I have been told many things about myself. Someone else always seems like they have an opinion on me. I’ve been called ugly, fat, funny, weird, cute, beautiful, loving, bitchy, sarcastic, smart, the list goes on and on. Even if some are said in a joking manner, after a while you start to believe those things about yourself.
I always tried to fit in with others, and sometimes would compromise who I was as a person. I always stuck to my morals, but there were times when my personality would change based on who I was hanging out with at that time. But then I realized that those people would come and go, they had their fill of me and then they were ready to move on to the next person willing to give up themselves to become their clone.
My senior year in high school I decided I was going to embrace who I was, because I was awesome! I went from having a lot of “friends” to have just a few, but those friendships were stronger and meant a lot more. They accepted me for who I was, no judgement.
You see, I am different than most women.

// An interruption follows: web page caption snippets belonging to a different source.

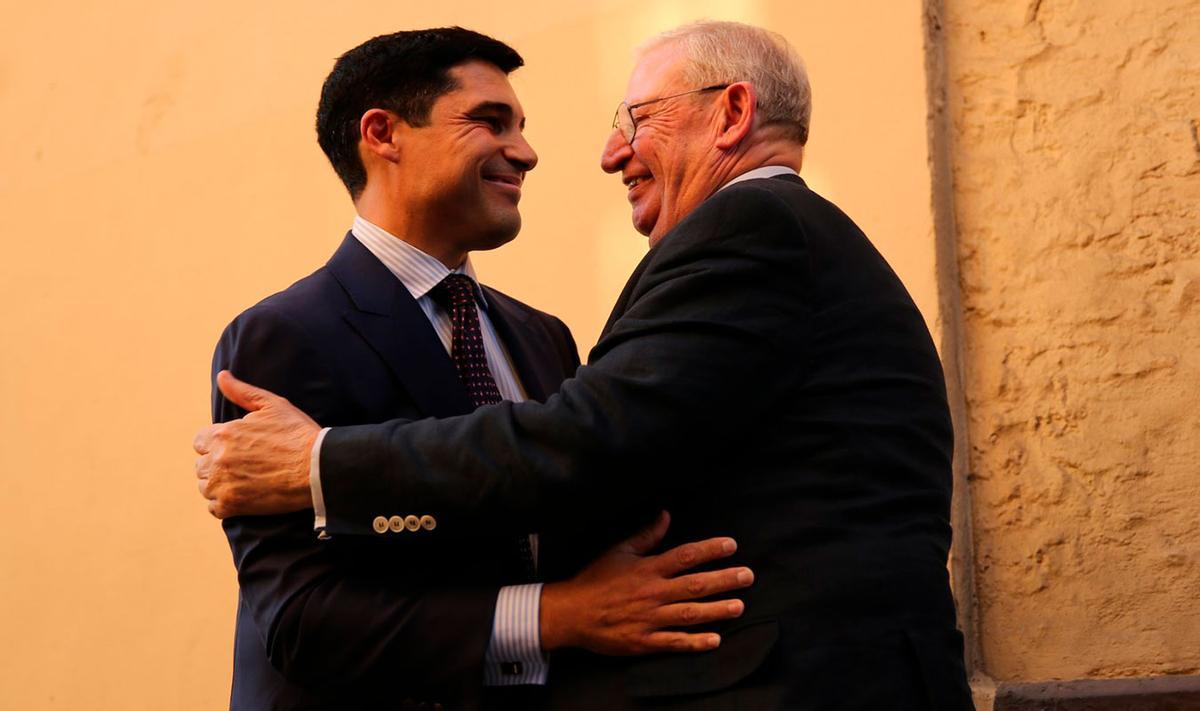 El pregonero, José Antonio Rodríguez, junto al presidente del Consejo General de Hermandades y Cofradías de Sevilla, Francisco Vélez.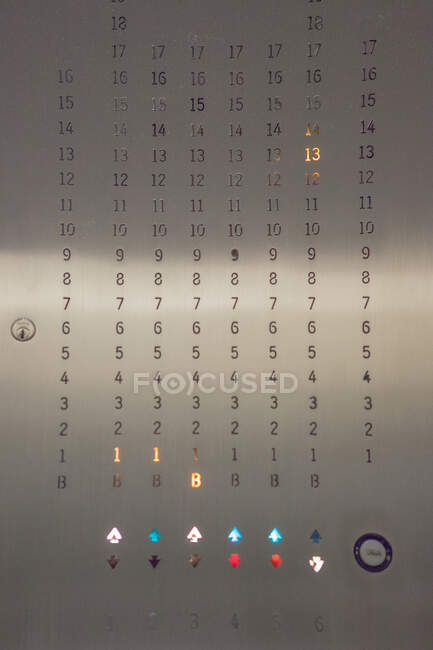 Fechar o painel de informações do elevador iluminado — Fotografia de Stock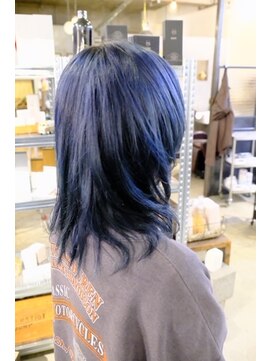 スロウ(Slow) ウルフとブルー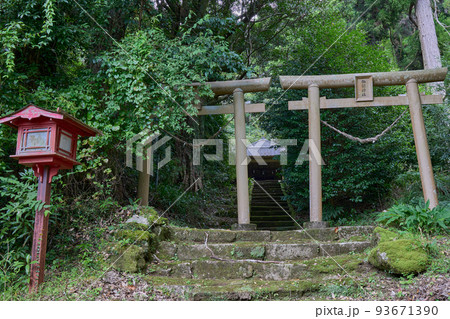 諏訪神社（鹿児島県薩摩川内市入来町浦之名）の並立鳥居 93671390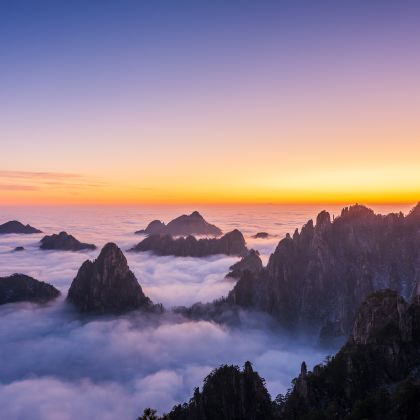 黄山+九华山+宏村4日3晚跟团游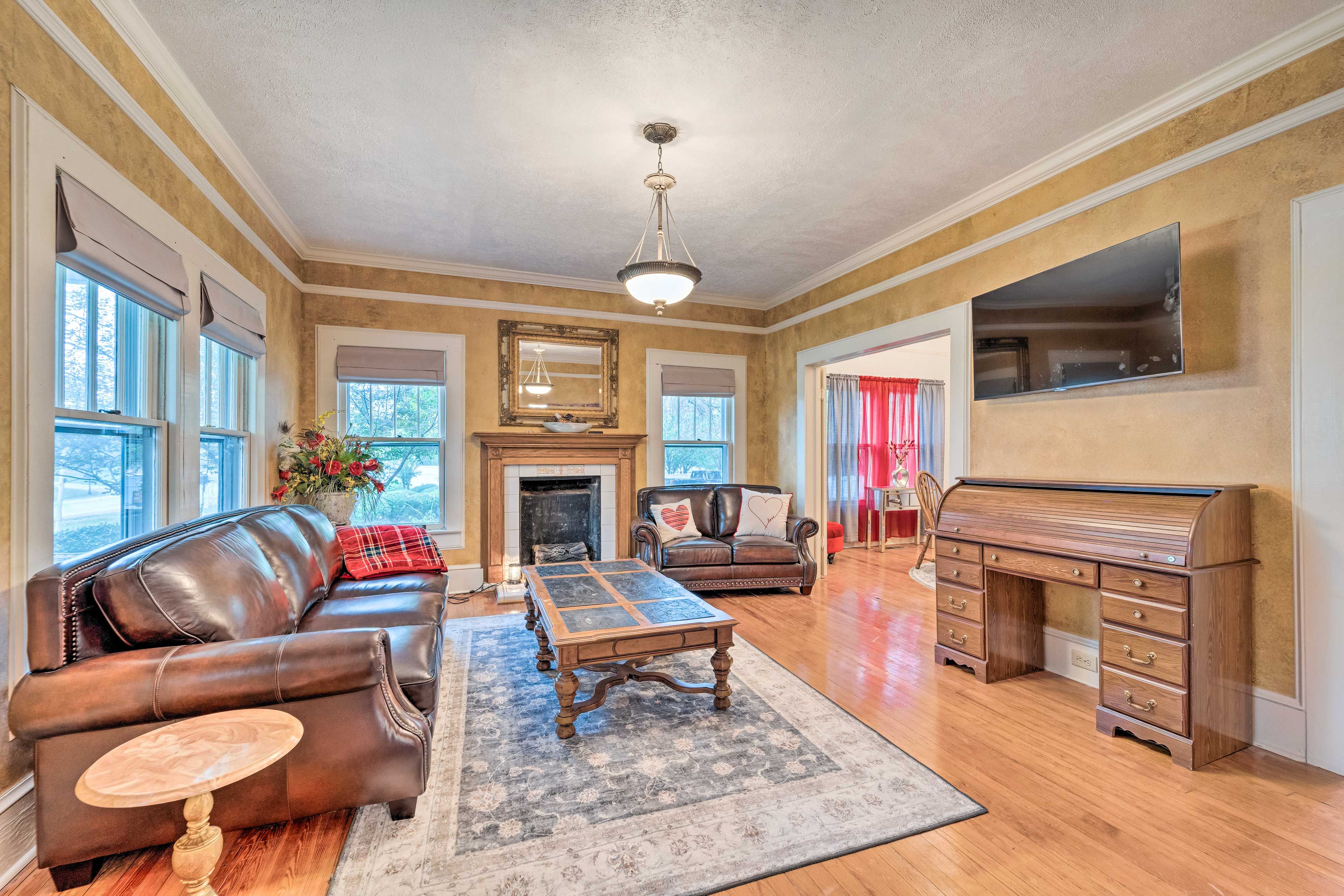Burgaw Vacation Rental | 2BR | 1BA | Stairs Required | 1,800 Sq Ft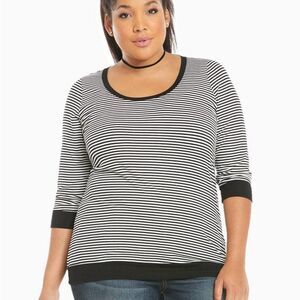 Torrid Ribbed Black & White Striped Banded Bottom Top 3/4 Sleeves Women's 0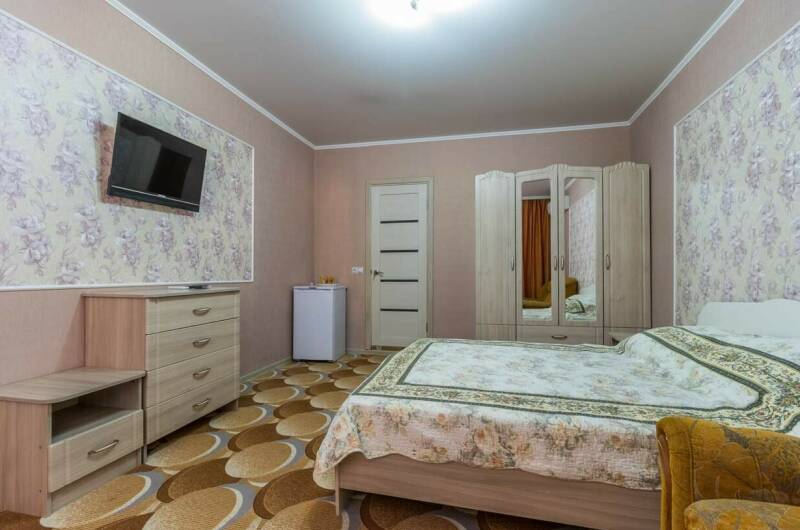 Трех местная комната на 1-ом этаже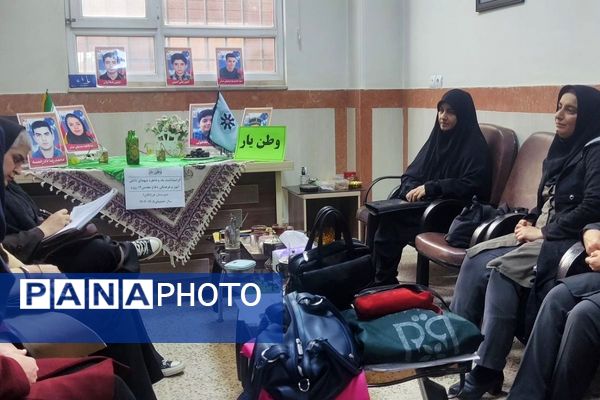  آیین وطن‌یار در مدرسه فرزانگان1 اسلامشهر باحضور خانواده شهید شاکری 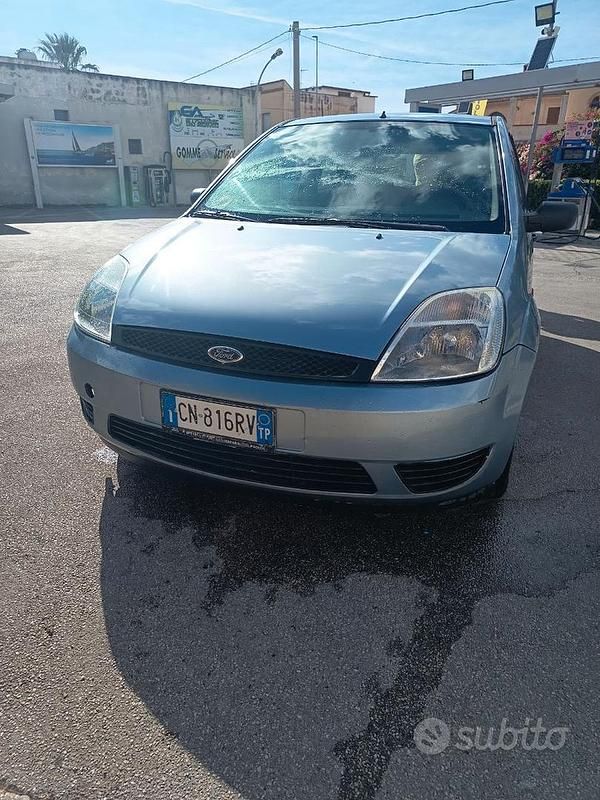 Usata Ford Fiesta 2004 Utilitaria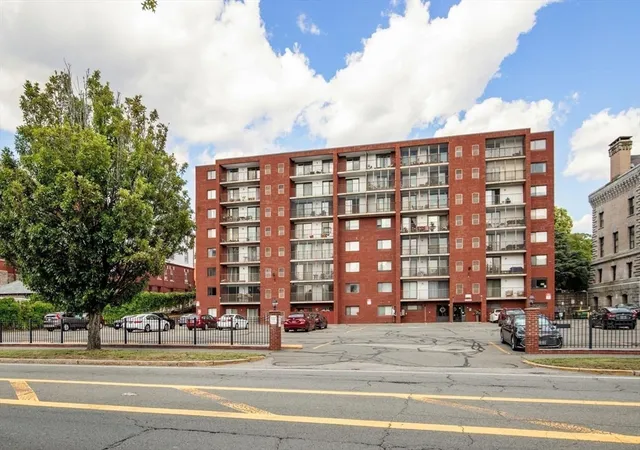 30th image of 100 High St #206, Medford, MA 02155 | MLS# 73563816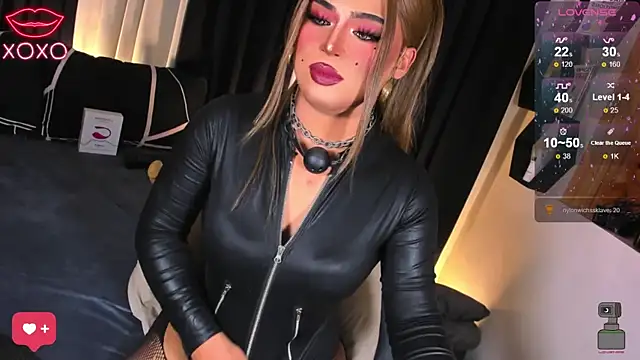 Ur_UNFORGETTABELGODDES_69's Live XXX Chat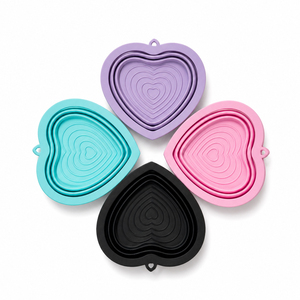 Tazón de Silicona Plegable para Perros, Diseño de Corazón, Ecológico, Impermeable, Portátil, para Paseos y Campamentos - Product Image 5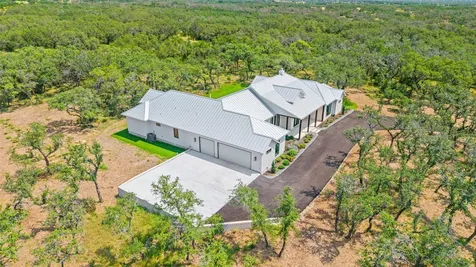 172 Crooked Creek Court Johnson City TX 78636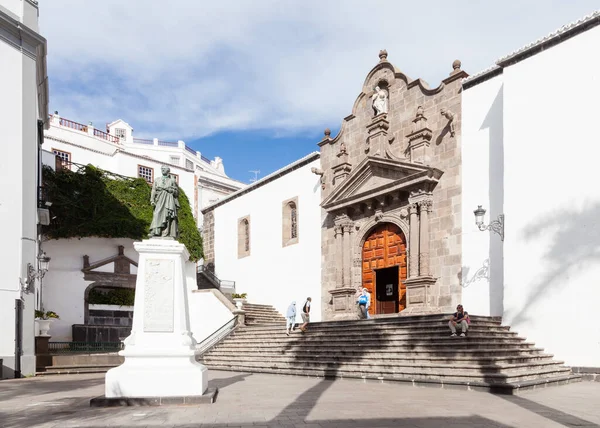 Santa Cruz 'daki El Salvador Kilisesi İspanya' nın La Palma adasında..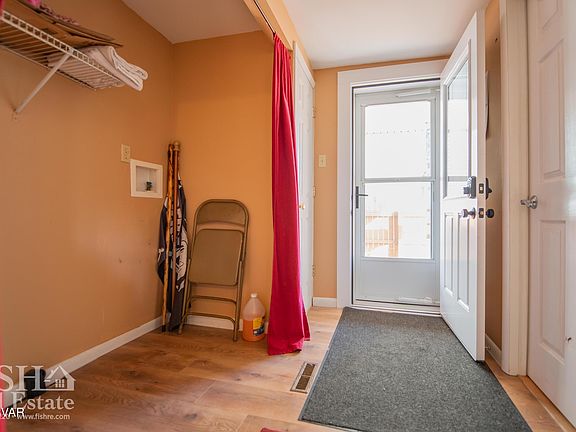4th image of 109 W Highland St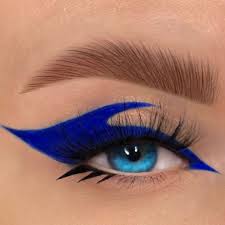 black cobalt blue eye makeup look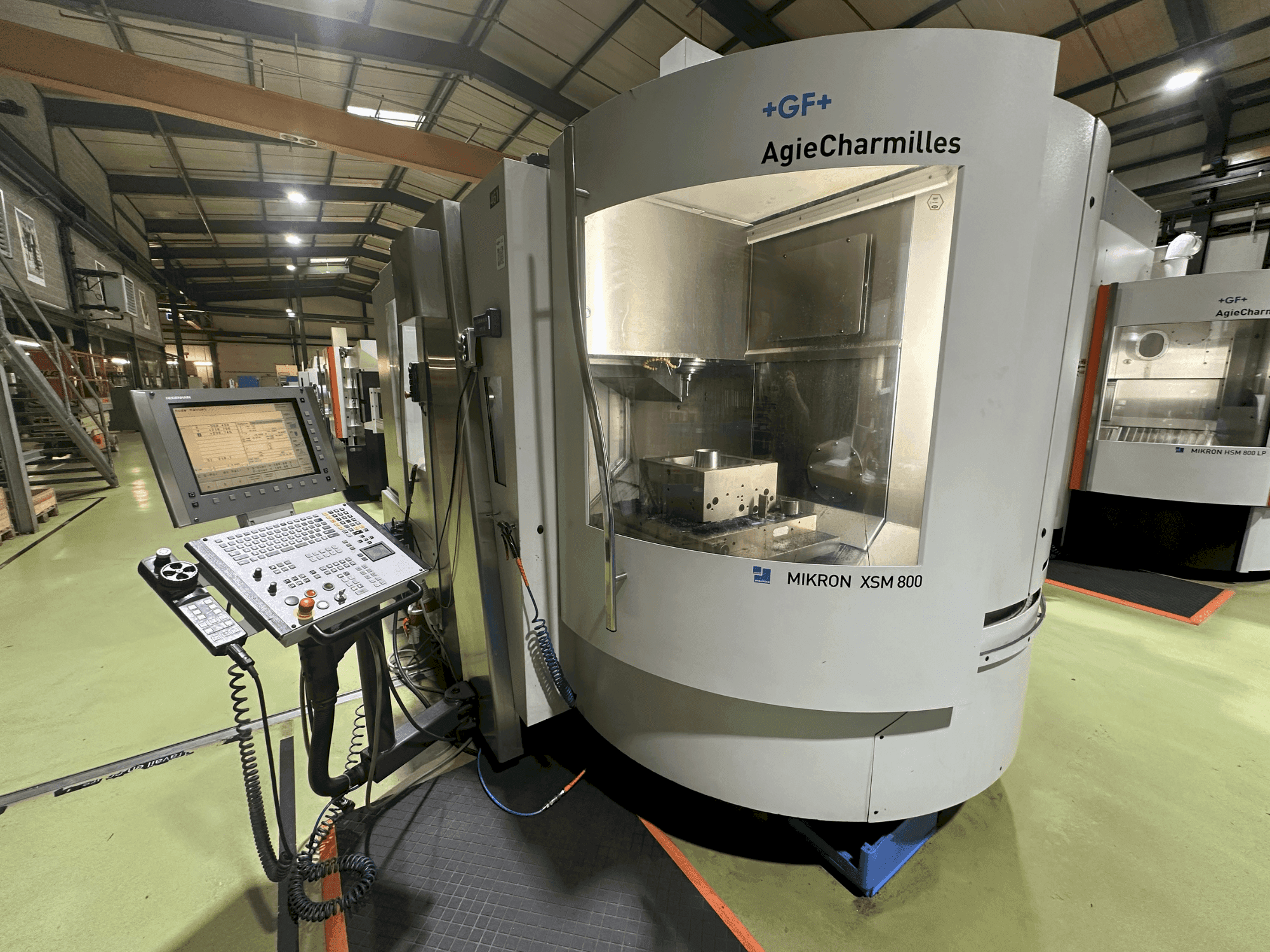 MACHINE_IMG_ALT_FRONT_VIEW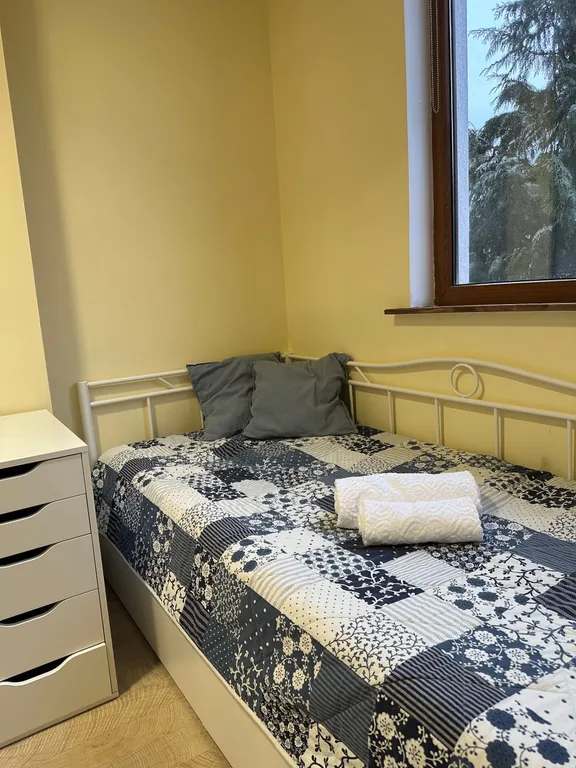 Уютная 3-х комнатная квартира с балконом и видом на горы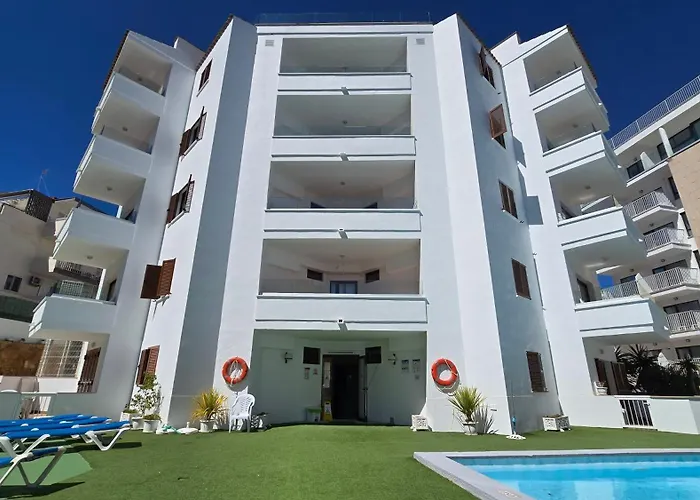 Marina Palmanova Apartamentos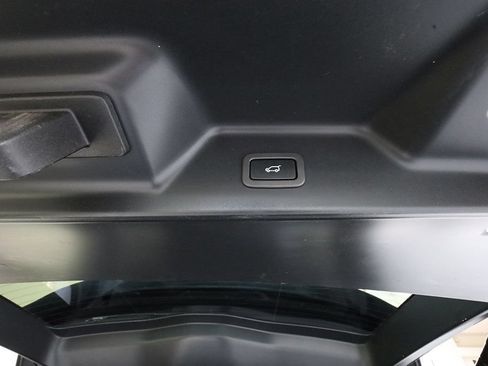 Used 2017 Land Rover Range Rover Supercharged AWD/4WD image 38
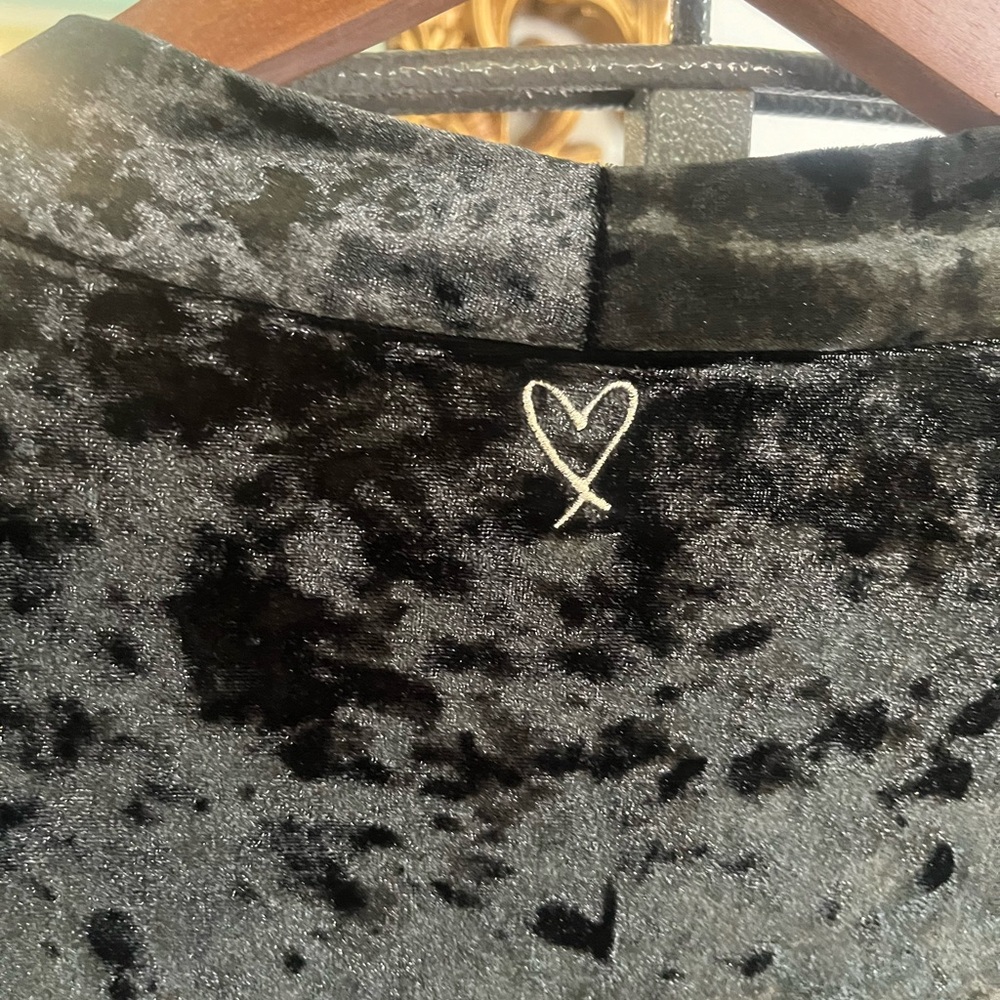 Victoria’s Secret Black Velvet Boxy Open Front Kimono Cardigan Sz Medium/Large - Picture 10 of 15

I like to get dressed and do my makeup and hair, but when I get home, best believe the yoga pant or leggings are coming on and the bra is coming off. I cuss like a sailor when the kids are gone. I have a dirty mind, and I like sex. I burp like a man, sometimes I can out burp a man. I snort when I laugh hard. I can make fun of myself and tell you that even though I am book smart I have no common sense and do some really really funny/stupid things. I don’t judge other people, and I try my hardest to look at a person’s heart rather than appearance. I stand my ground, I do not let people walk all over me, I do not care who you are. The best part about all of this, I found a man who loves all of that about me. Our relationship is strong and close because I do not hide myself from him nor does he me.
Always be you. Who wants to fake life. Enjoy life, live in the moment, smile, eat the cake, work hard, and BE YOU!